The children had been taken by an aid agency on Sunday to Iraq, the Australian newspaper reported.
“The opportunity now is for these young children who are coming back to Australia, they can’t be held responsible for the crimes of their parents,” Morrison told reporters.
The children would be provided with support services, so that “they can fully integrate into a happy life in Australia,” Morrison said.
“They’ve got off to a horrible start in life as a result of the appalling decisions of their parents and they’ll find their home in Australia and I’m sure they’ll be embraced by Australians and as a result of that embrace, I’m sure they’ll live positive and happy lives,” he added.
Morrison had for months said he would not risk any Australian official to rescue Australians from Islamic State group-held territory.
Critics had argued that he had not been prepared to take the political risk of repatriating families of Islamic extremists until he won a narrow election victory on May 18.
Morrison yesterday said he had kept his government’s efforts “very low-key” in the interests of the safety of everyone involved, including the aid agencies that had helped the government.
Sharrouf’s mother-in-law, Karen Nettleton, who is based in Sydney, has launched several attempts to rescue the children from Syria and has led the campaign for Australian government intervention.

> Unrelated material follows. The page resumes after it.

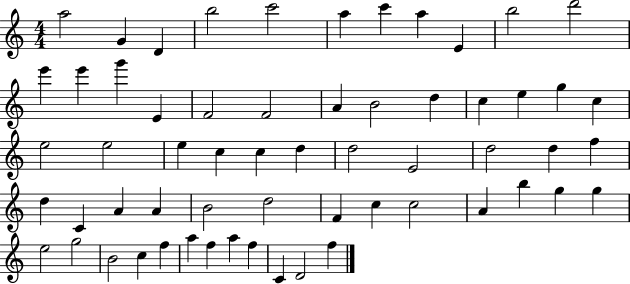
A5/h G4/q D4/q B5/h C6/h A5/q C6/q A5/q E4/q B5/h D6/h E6/q E6/q G6/q E4/q F4/h F4/h A4/q B4/h D5/q C5/q E5/q G5/q C5/q E5/h E5/h E5/q C5/q C5/q D5/q D5/h E4/h D5/h D5/q F5/q D5/q C4/q A4/q A4/q B4/h D5/h F4/q C5/q C5/h A4/q B5/q G5/q G5/q E5/h G5/h B4/h C5/q F5/q A5/q F5/q A5/q F5/q C4/q D4/h F5/q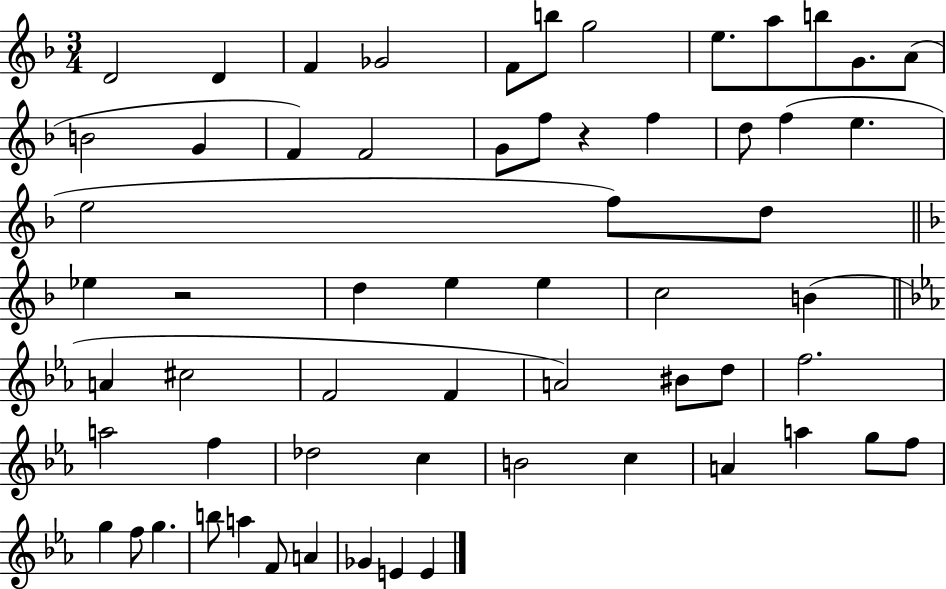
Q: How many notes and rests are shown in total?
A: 61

Her lawyer, Robert Van Aalst, said he hoped Nettleton was with the children in Iraq, but had no direct communication with her due to security concerns.
The eldest child, Zaynab, turned 18 last week and has been expecting her third child.

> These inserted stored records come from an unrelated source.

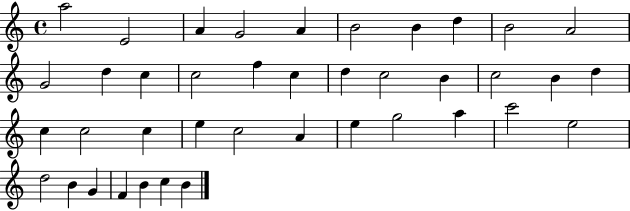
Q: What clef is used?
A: treble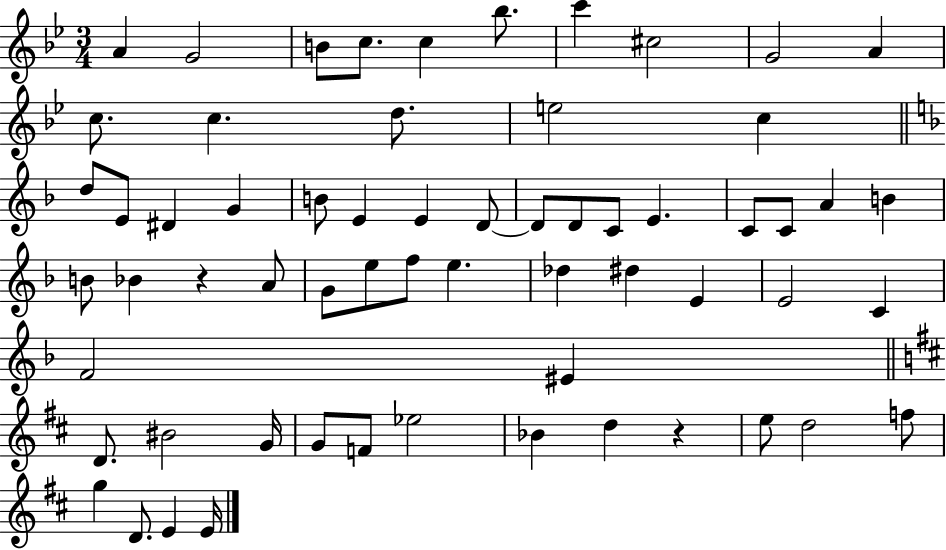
{
  \clef treble
  \numericTimeSignature
  \time 3/4
  \key bes \major
  \repeat volta 2 { a'4 g'2 | b'8 c''8. c''4 bes''8. | c'''4 cis''2 | g'2 a'4 | \break c''8. c''4. d''8. | e''2 c''4 | \bar "||" \break \key d \minor d''8 e'8 dis'4 g'4 | b'8 e'4 e'4 d'8~~ | d'8 d'8 c'8 e'4. | c'8 c'8 a'4 b'4 | \break b'8 bes'4 r4 a'8 | g'8 e''8 f''8 e''4. | des''4 dis''4 e'4 | e'2 c'4 | \break f'2 eis'4 | \bar "||" \break \key d \major d'8. bis'2 g'16 | g'8 f'8 ees''2 | bes'4 d''4 r4 | e''8 d''2 f''8 | \break g''4 d'8. e'4 e'16 | } \bar "|."
}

Australian Broadcasting Corp reported she had yet to give birth.
Zaynab would return to Australia with the newborn, her two children — Ayesha, 3, and Fatima, 2 — her 16-year-old sister Hoda, and her eight-year-old brother, Humzeh.
“There will be medical examinations and various other support provided by the government which they have told us about to help the children acclimatize,” Van Aalst told ABC.
“There are also some wounds that may need to be attended to. Young Hoda was wounded in the leg. Zaynab, I believe, had shrapnel wounds. It is not just physical wounds that have to be looked into, but there is some other psychological issues, no doubt, that will have to be looked into,” he added.
The Rizvic children are two boys and a girl aged between 6 and 12, the Australian reported.
Clarke Jones, an Australian National University criminologist who specializes in radicalization, said the children would need treatment for trauma and could be radicalized.
They could also be threatened by elements of the Australian community.
“There are a lot of people who don’t want them back at all,” Jones said. “Because of that, they would also be under threat.”
Australian National University counterterrorism researcher Jacinta Carroll wrote in a research paper last week that Zaynab had become both a victim and supporter of terrorism in a case that was legally and morally complex.
Zaynab became a prominent Islamic State group propagandist making social media posts supporting atrocities and the activities of her father and her husband, Mohamed Elomar, an Australian Islamic State group fighter who was killed while she was pregnant in 2015, Carroll said.
She had lived a relatively privileged life under the Islamic State regime in Syria in a house with slaves, posting photographs of herself with other veiled women with assault rifles and a luxury BMW sedan.
Carroll said disengagement services, also known as deradicalization programs, were available in Australia to help the children integrate into the mainstream Australian community.
“I think that will be very challenging for the Sharroufs,” Carroll said. “The profile and the publicity around this family will also make it quite problematic for them to just integrate back into normal life in Australia.”